Watts R A, Gonzalez-Gay M A, Lane S E, Garcia-Porrua C, Bentham G, Scott D G
Department of Rheumatology, Norfolk and Norwich Hospital, Norwich, UK.
Ann Rheum Dis. 2001 Feb;60(2):170-2. doi: 10.1136/ard.60.2.170.
The aetiopathogenesis of the primary systemic vasculitides (PSV) is unknown but includes both environmental and genetic factors. The development of classification criteria/definitions for PSV allows comparison of the epidemiology between different regions.
The same methods and the American College of Rheumatology (1990) criteria or Chapel Hill definitions were used to compare the epidemiology of Wegener's granulomatosis, Churg-Strauss syndrome, microscopic polyangiitis, and polyarteritis nodosa in Norwich (east England population 413 500) and Lugo (northwest Spain population 204 100). Patients with PSV were identified between 1 January 1988 and 31 December 1998.

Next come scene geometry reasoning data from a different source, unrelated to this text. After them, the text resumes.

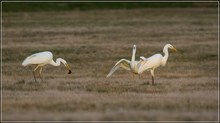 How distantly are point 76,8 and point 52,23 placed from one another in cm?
1455

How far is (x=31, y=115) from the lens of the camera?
443 inches

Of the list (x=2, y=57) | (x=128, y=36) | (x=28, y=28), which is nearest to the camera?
(x=2, y=57)

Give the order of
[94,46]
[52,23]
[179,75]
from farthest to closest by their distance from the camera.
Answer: [52,23]
[94,46]
[179,75]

Overall, the incidence of PSV in adults was almost equal in Norwich (18.9/million) and Spain (18.3/million). The incidence of Wegener's granulomatosis in Norwich (10.6/million) was greater than in Spain (4.9/million). There was a marked age-specific increase in incidence in Norwich with a peak age 65-74 years (52.9/million), but a virtually equal age distribution between ages 45 and 74 in Lugo (34.1/million). There was no significant increase with time in either population, or evidence of cyclical changes in incidence.
These data support the suggestion that environmental factors may be important in the pathogenesis of PSV.

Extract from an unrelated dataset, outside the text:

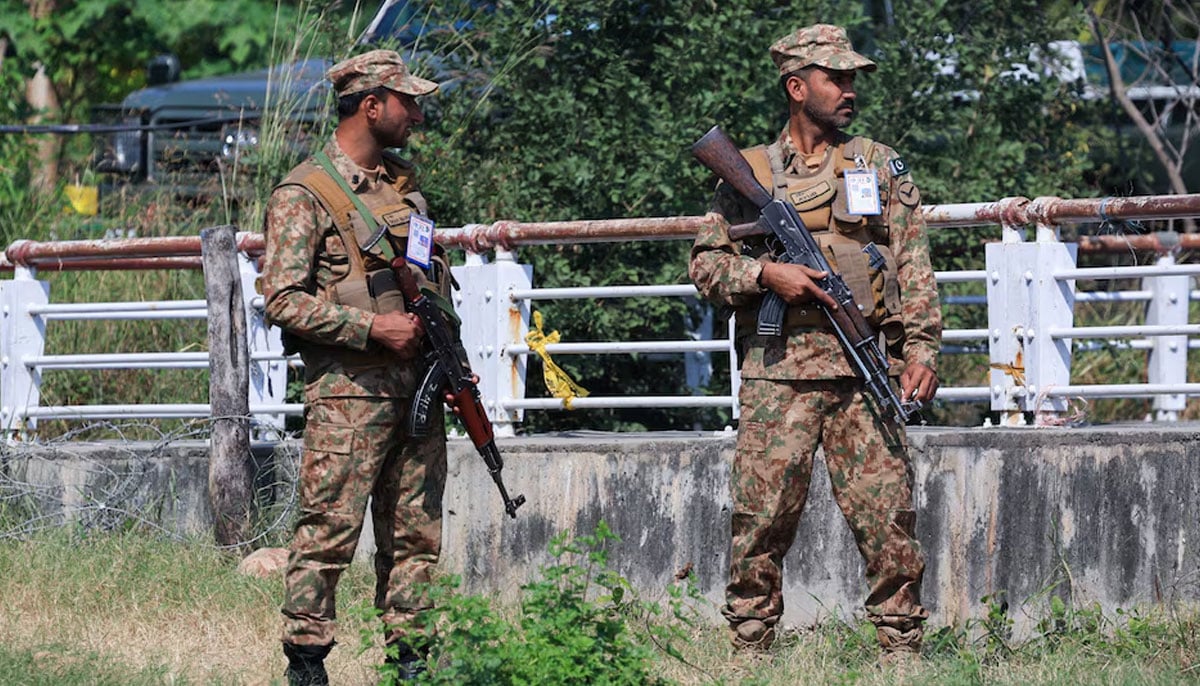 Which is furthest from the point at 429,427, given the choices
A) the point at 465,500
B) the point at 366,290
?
the point at 465,500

原发性系统性血管炎(PSV)的病因发病机制尚不清楚,但包括环境和遗传因素。PSV分类标准/定义的制定有助于比较不同地区之间的流行病学情况。
采用相同方法及美国风湿病学会(1990年)标准或查珀尔希尔定义,比较诺里奇(英格兰东部,人口413500)和卢戈(西班牙西北部,人口204100)地区韦格纳肉芽肿、变应性肉芽肿性血管炎、显微镜下多血管炎和结节性多动脉炎的流行病学情况。在1988年1月1日至1998年12月31日期间确定PSV患者。
总体而言,诺里奇地区(18.9/百万)和西班牙(18.3/百万)成人PSV发病率几乎相等。诺里奇地区韦格纳肉芽肿发病率(10.6/百万)高于西班牙(4.9/百万)。诺里奇地区发病率随年龄有显著增加,65 - 74岁达到峰值(52.9/百万),而卢戈地区45至74岁年龄分布几乎相等(34.1/百万)。两地区发病率均未随时间显著增加,也没有发病率周期性变化的证据。
这些数据支持环境因素可能在PSV发病机制中起重要作用这一观点。